■ ABOUT THIS EXERCISE: After locating the line containing "Hotel Andi Durrës Eksteriør billede" in the entries below, please write out that line and the rest through the end exactly. Omit pictures.
════
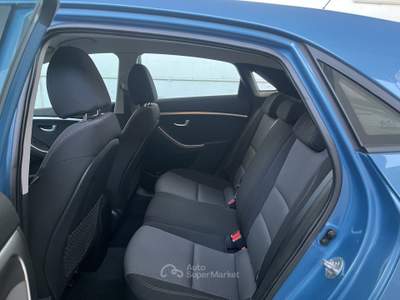 Hyundai i30 i30 5p 1.6 crdi Comfort 110cv auto TUA DA 99,00 EURO AL MESE Blu/Azzurro usata San Giuseppe Vesuviano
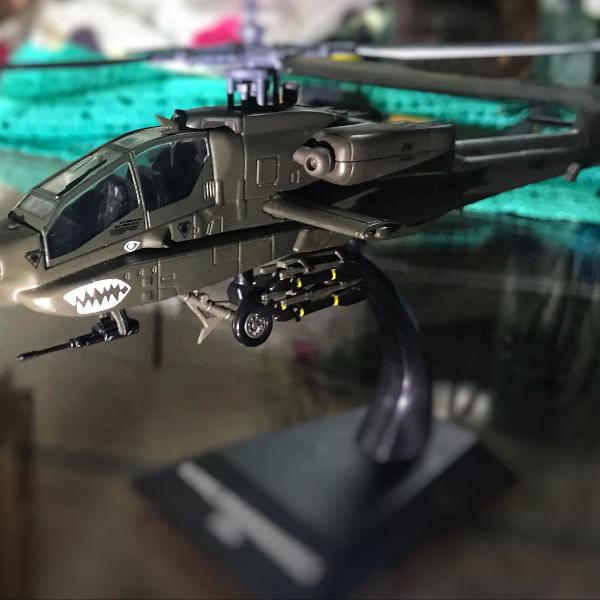 miniatura helicóptero mcdonnell apache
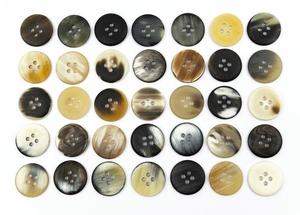 Bouton de corne de buffle de conception de luxe de haute qualité hommes et femmes chemises et t-shirts utilisent le bouton de corne personnalisé de vente de trou d'usine - Product Image 2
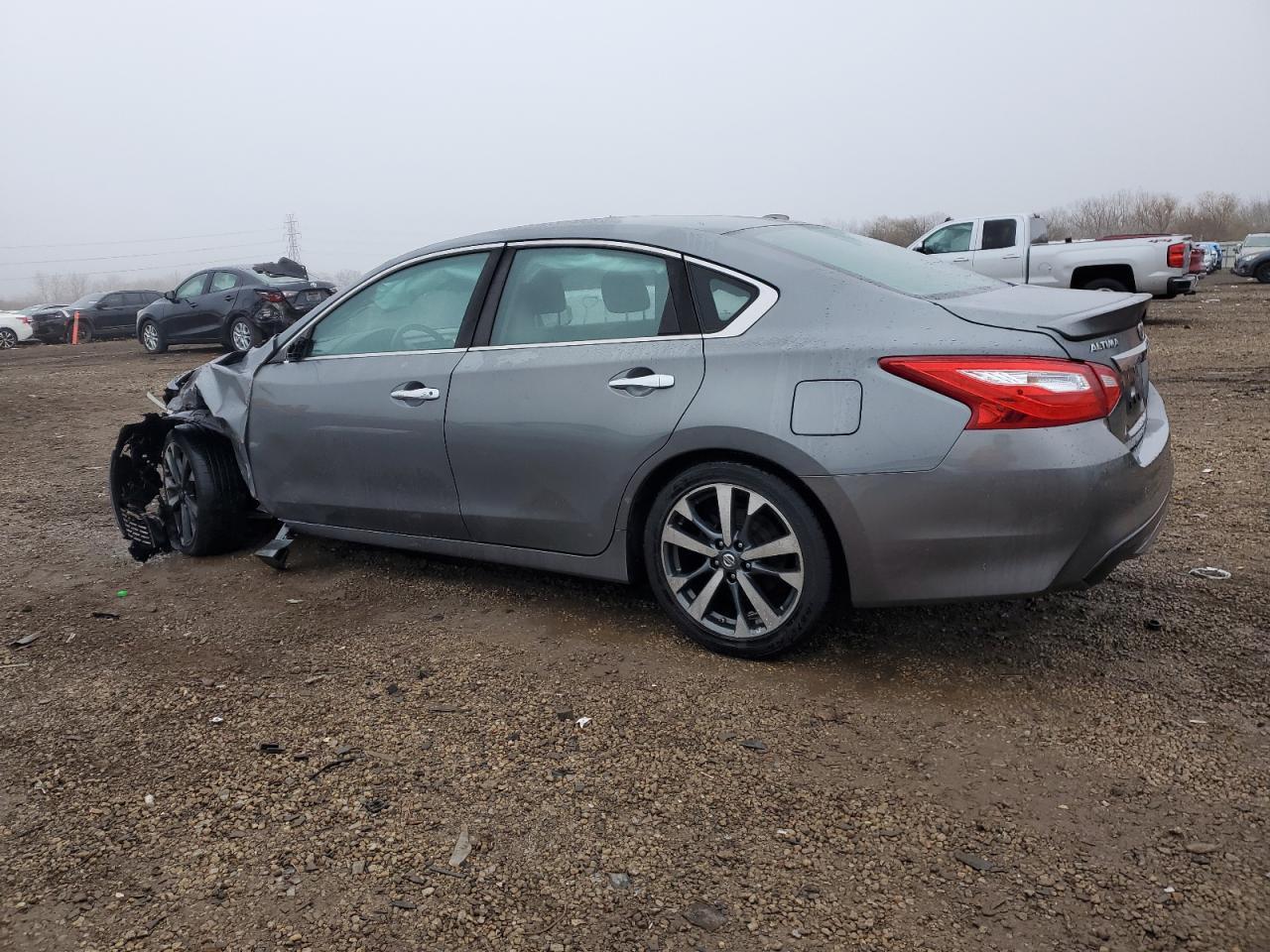 2016 Nissan Altima 2.5 Sr - zdjęcie 2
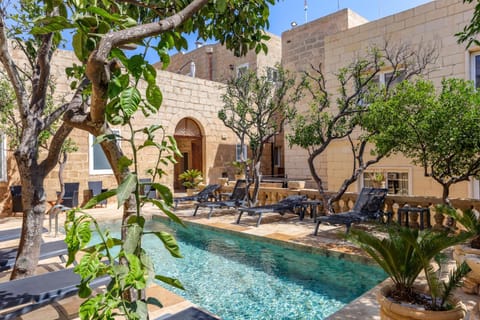 Property building, Swimming pool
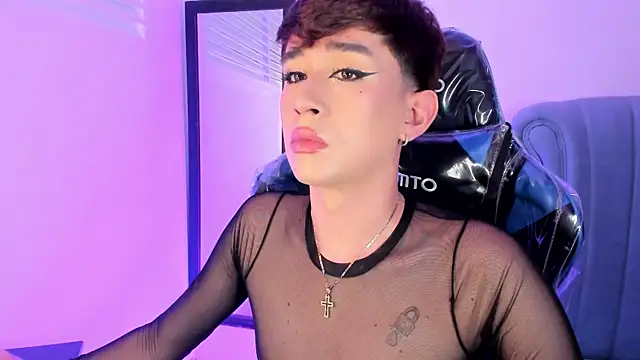 Chris boy  online show from March 2026 01:51:02 PM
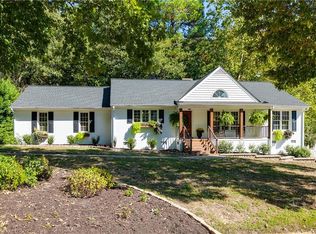 10501 Salem Oaks Dr, North Chesterfield, VA 23237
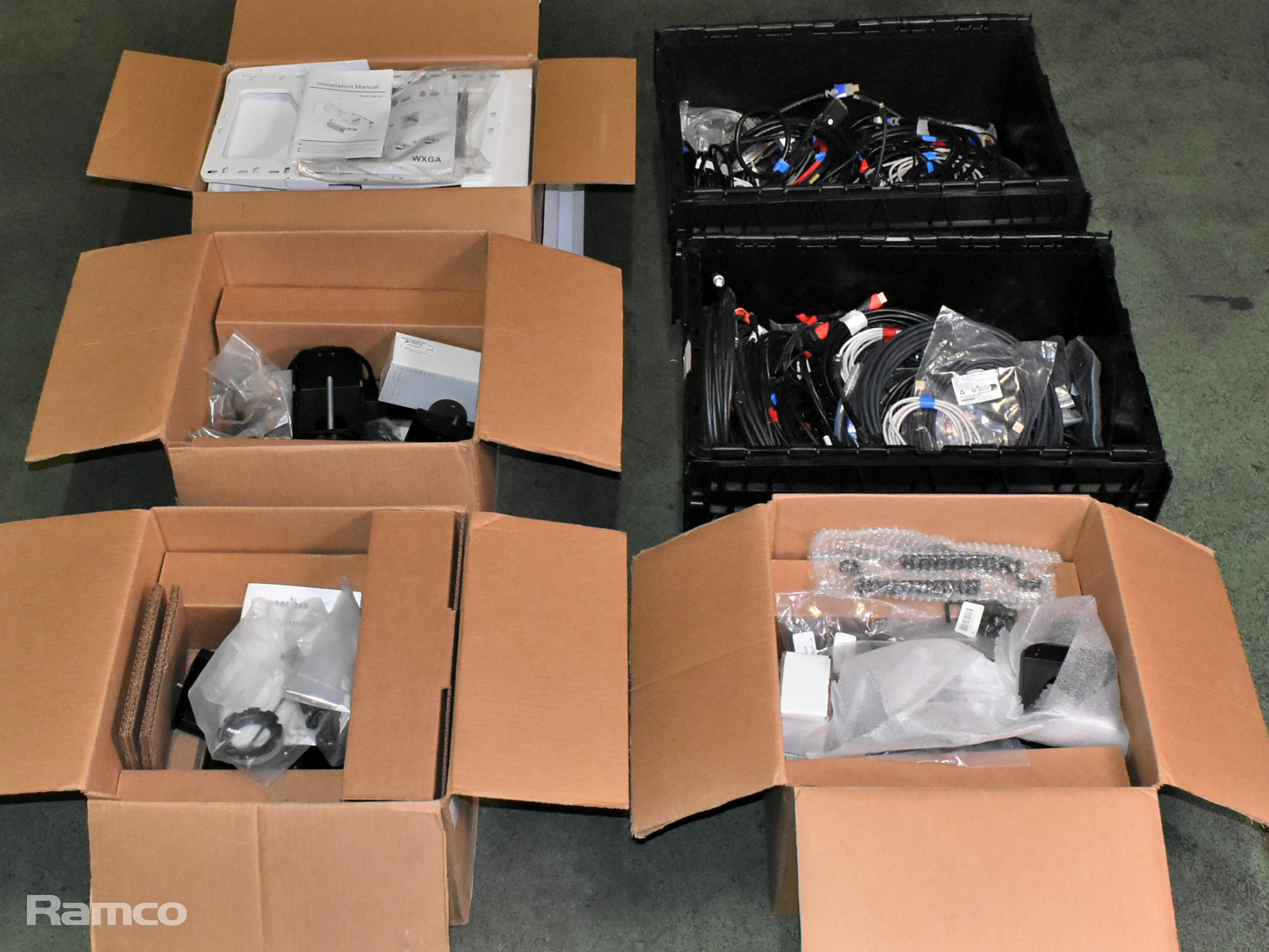 Various projector and wall mount & various cables - see description - photo 1
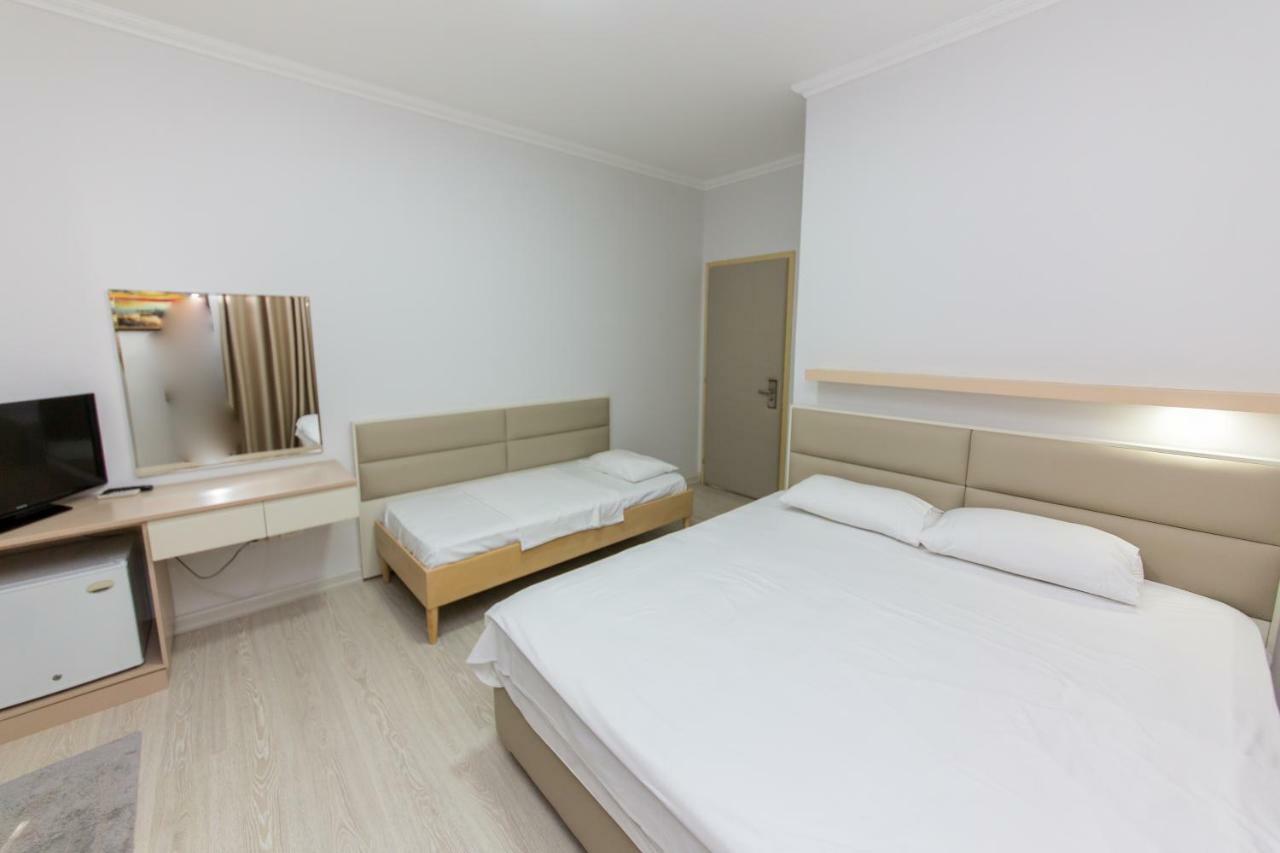 Hotel Andi Durrës Eksteriør billede
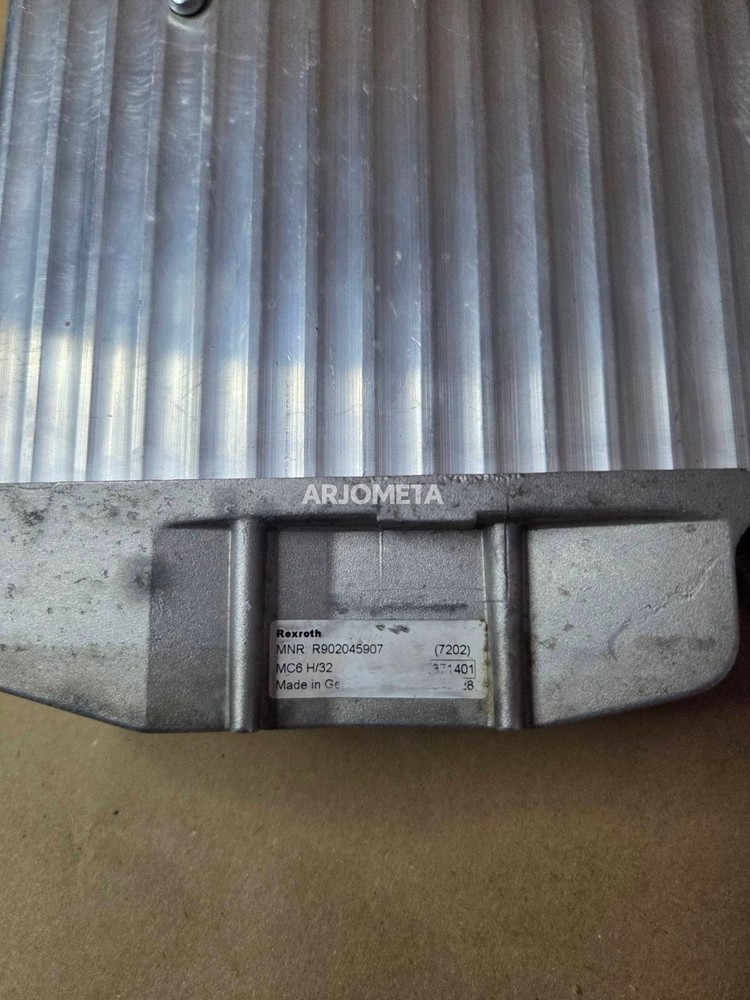 Bosch Rexroth R902045907 MC6 H/32 Microcontroller Controller Module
════
■ OUTPUT BELOW:
 Hotel Andi Durrës Eksteriør billede
 Bosch Rexroth R902045907 MC6 H/32 Microcontroller Controller Module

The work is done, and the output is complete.